Reproduce exactly, and only, the lines below from the one containing "Metal Mosaic, Penny" through the one containing "Imagen de archivo".

Data provided:
+---+
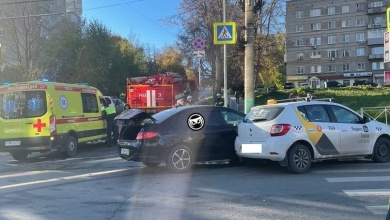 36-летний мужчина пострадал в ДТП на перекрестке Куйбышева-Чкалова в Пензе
+---+
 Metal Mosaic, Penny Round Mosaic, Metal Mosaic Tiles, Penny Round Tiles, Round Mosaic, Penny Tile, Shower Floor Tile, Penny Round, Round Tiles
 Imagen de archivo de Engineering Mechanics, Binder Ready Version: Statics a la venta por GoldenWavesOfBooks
+---+
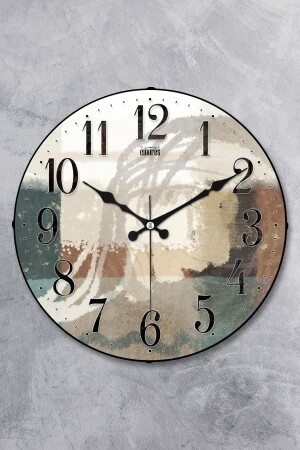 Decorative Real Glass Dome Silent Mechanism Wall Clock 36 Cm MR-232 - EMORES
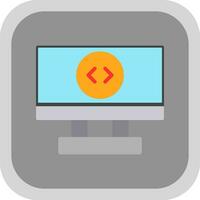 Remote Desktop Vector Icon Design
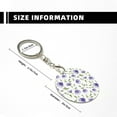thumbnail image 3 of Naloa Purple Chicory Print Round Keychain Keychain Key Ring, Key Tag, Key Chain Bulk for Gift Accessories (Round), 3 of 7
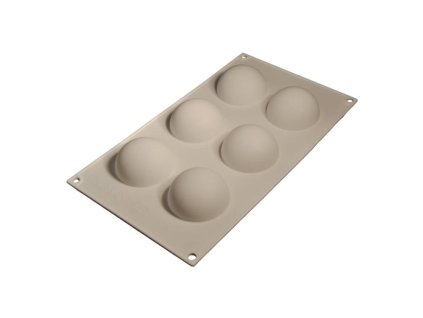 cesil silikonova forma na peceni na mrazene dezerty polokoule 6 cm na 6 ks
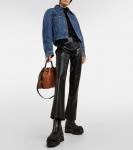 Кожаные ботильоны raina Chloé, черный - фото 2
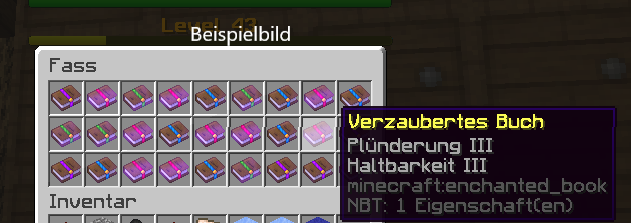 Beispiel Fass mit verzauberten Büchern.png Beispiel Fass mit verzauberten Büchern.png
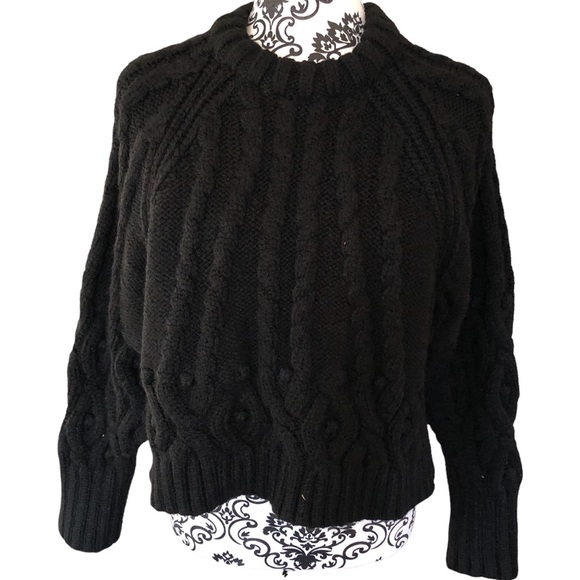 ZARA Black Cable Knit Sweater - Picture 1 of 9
+---+
Answer to the exercise:
 Metal Mosaic, Penny Round Mosaic, Metal Mosaic Tiles, Penny Round Tiles, Round Mosaic, Penny Tile, Shower Floor Tile, Penny Round, Round Tiles
 Imagen de archivo de Engineering Mechanics, Binder Ready Version: Statics a la venta por GoldenWavesOfBooks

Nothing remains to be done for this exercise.